Jeanne Dubino – ‘Virginia Woolf’s Life and Writing: The Embodiment of Animal Studies’
Virginia Woolf’s Life and Writing: The Embodiment of Animal Studies
Jeanne Dubino
Animals abound in Virginia Woolf’s life and work. She refers to them in her diaries and letters; she uses animal names for herself, family, and friends—sometimes disparagingly, but generally with affection. She represents animals in multiple ways throughout her fiction and nonfiction: as metaphors, to be sure, but as creatures in and of themselves.
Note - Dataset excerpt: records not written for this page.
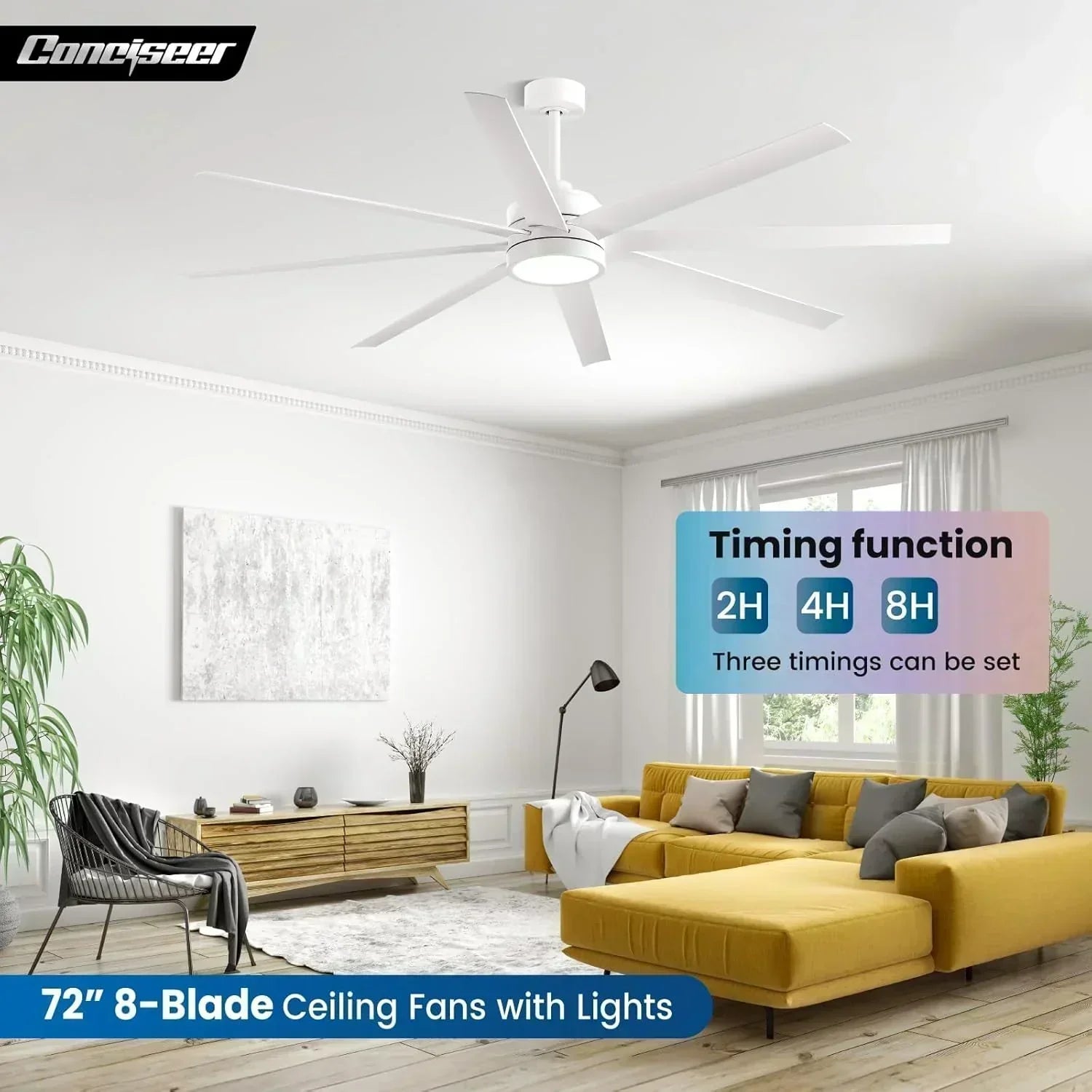 Modern ceiling fan 72 inch bedroom living room library cafe outdoor/industrial
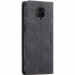 Кожаный чехол-книжка CaseMe Velvet Nubuck для Xiaomi Redmi Note 9s / Note 9 Pro / Note 9 Pro Max (Black) в магазине vchehle.ua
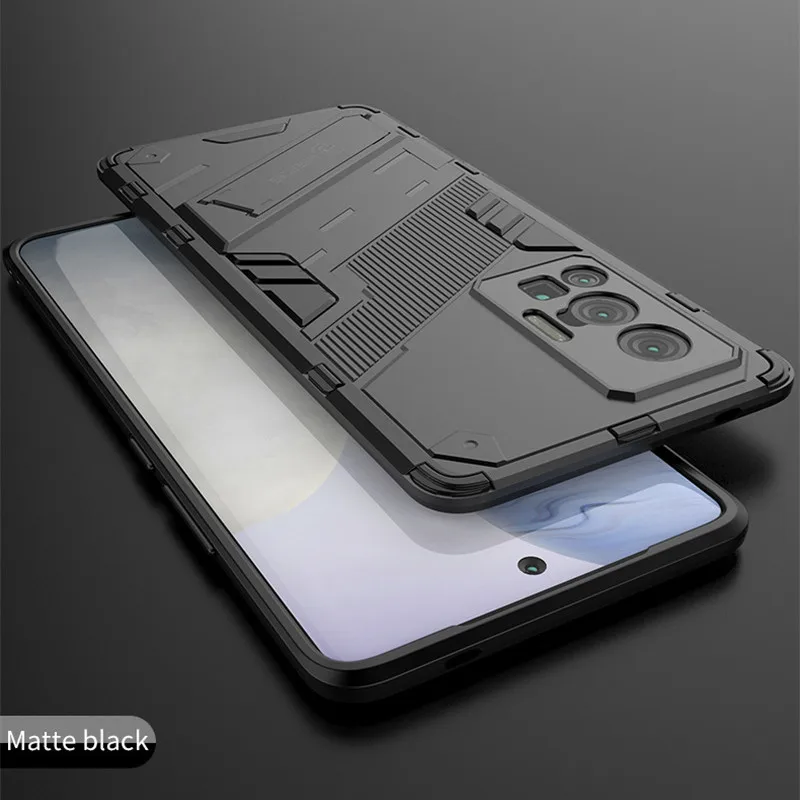 Holder Case For Vivo X70 Pro Cover For Vivo X70 Pro Capas Armor Shockproof Holder Kickstand Back Cover For Vivo X70 Pro Fundas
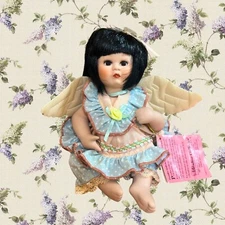 Paradise Galleries Porcelain Angel Doll, Vintage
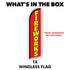Fireworks (Red) Windless Banner Flag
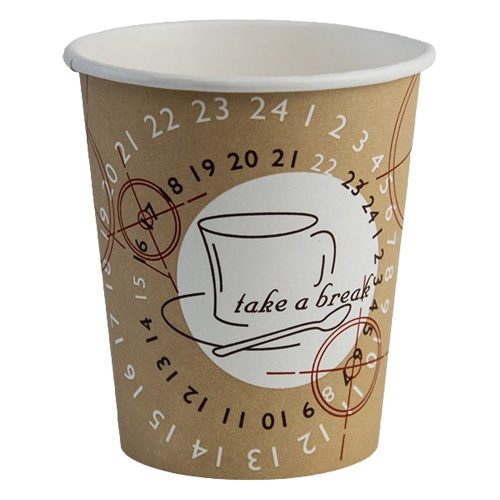 Pohár eldobható papír 2 dl 50 darabos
Defying Thomas Nagel’s dictum that we human animals cannot imagine what it’s like to be an animal (see his “What Is It Like to Be a Bat?”), Woolf enters the perspective of creatures ranging from a moth to, famously, a dog. She represents animals in zoos, as companions, in the wild, in performance. She refers to experimenting on animals and animal activism. In this talk I will show how reading the body of her writing is like taking a course in the multidisciplinary field of Animal Studies.
Jeanne Dubino is a professor of English, Global Studies, and Animal Studies at Appalachian State University, North Carolina, USA. She has been a visiting assistant professor of literature and Women’s Studies at Bilkent University, Turkey; a Fulbright Scholar/Researcher at Egerton University, Kenya; Fulbright Specialist at Northeastern University, China, and the Federal University of Paraíba, Brazil; and visiting scholar at Ain Shams University, Egypt. Some of her publications include the edited volume Virginia Woolf and the Literary Marketplace (Palgrave Macmillan, 2010); and the coedited Representing the Modern Animal in Culture (Palgrave Macmillan, 2014), Virginia Woolf: Twenty-First-Century Approaches (Edinburgh University Press, 2014), Politics, Mobility, and Identity in Travel Writing (Routledge, 2015); Virginia Woolf: Critical and Primary Sources (Bloomsbury 2020); The Edinburgh Companion to Virginia Woolf and Contemporary Global Literature (Edinburgh University Press, 2021); Travel and War (Cambridge Scholars Publishing, 2022); and essays, articles, and reviews on Woolf, 20th-21st-century Anglophone literatures, travel and Animal Studies.